Viewing Record 2 of 7 rocks

Death Valley: Ancient Footpath Along the Shore of a Departed Lake, from the "Ice Age" series

  • Accession Number:
    2004:41
  • Artist:
    Ruwedel, Mark
  • Date:
    1995, printed 2003
  • Medium:
    Gelatin silver print
  • Dimensions:
    image/paper: 14 5/8 in x 18 3/4 in; mat: 24 in x 28 in
  • Credit Line:
    Museum purchase

About the Photographer

Ruwedel, Mark

American, b.1954

I am interested in revealing the narratives contained within the landscape and am most attracted to places where the land reveals itself as being both an agent of geological processes and a field of human endeavor. – Mark Ruwedel

For over twenty-five years, Mark Ruwedel has photographed sites in the American West where historical and contemporary marks on the land exist as a geographical palimpsest. He enjoys the irony of our celebrating and preserving the scratchings of prehistoric cultures on the land, while we decry the ways in which we alter our environment today. Combining photographs of ancient trails and remnants of 12,000-year-old ceremonial sites with modern tire tracks and roads, Ruwedel questions how different these intrusions really are. His ongoing body of work entitled The Ice Age is photographed along the relic shores of dried glacial melt lakes, including Lake Manly, now Death Valley. Because of the extremely arid climate in the Basin and Range Region, nature's reclamation of both human and natural processes takes thousands of years – nineteenth century rail lines crumble side-by-side with ancient foot paths. Both remnants are evidence of the most advanced technology of the time, yet quite different in their impact on the land. And while the cultural resources expended on a trail and on a railroad are vastly different, they are disappearing at the same rate in this environment.
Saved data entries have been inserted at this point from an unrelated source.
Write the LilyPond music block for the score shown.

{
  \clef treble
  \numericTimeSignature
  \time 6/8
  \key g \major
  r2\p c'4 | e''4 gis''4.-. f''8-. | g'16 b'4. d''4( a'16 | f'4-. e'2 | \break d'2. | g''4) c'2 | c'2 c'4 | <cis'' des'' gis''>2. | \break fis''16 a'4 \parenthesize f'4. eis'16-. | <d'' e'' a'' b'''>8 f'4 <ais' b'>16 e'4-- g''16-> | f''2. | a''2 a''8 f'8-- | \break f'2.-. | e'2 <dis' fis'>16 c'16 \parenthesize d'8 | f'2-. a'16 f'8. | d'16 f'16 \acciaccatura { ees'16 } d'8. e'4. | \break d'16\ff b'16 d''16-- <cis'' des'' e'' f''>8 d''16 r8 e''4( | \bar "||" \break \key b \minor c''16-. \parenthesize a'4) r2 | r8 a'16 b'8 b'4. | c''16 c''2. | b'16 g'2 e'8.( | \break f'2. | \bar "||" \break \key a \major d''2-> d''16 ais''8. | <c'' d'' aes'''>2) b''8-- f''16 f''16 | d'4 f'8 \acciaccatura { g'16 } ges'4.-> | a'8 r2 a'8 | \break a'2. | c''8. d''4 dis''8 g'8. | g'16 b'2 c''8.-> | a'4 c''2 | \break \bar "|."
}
Born in 1954, Mark Ruwedel studied at Kutztown State College, Pennsylvania, and Concordia University in Montreal, where he later taught photography. His photographs have been exhibited widely, including at the J.Paul Getty Museum, Los Angeles; San Francisco Museum of Modern Art; the Chinati Foundation, Marfa, Texas; and the National Gallery, Canada. His work is held in several permanent collections, including those of the J. Paul Getty Museum, Los Angeles; the Library of Congress; The Metropolitan Museum of Art, New York; ad the Princeton University Art Gallery, Trenton, New Jersey. He currently divides his time between Vancouver, British Columbia and Los Angeles, where he teaches photography at the California State University at Long Beach.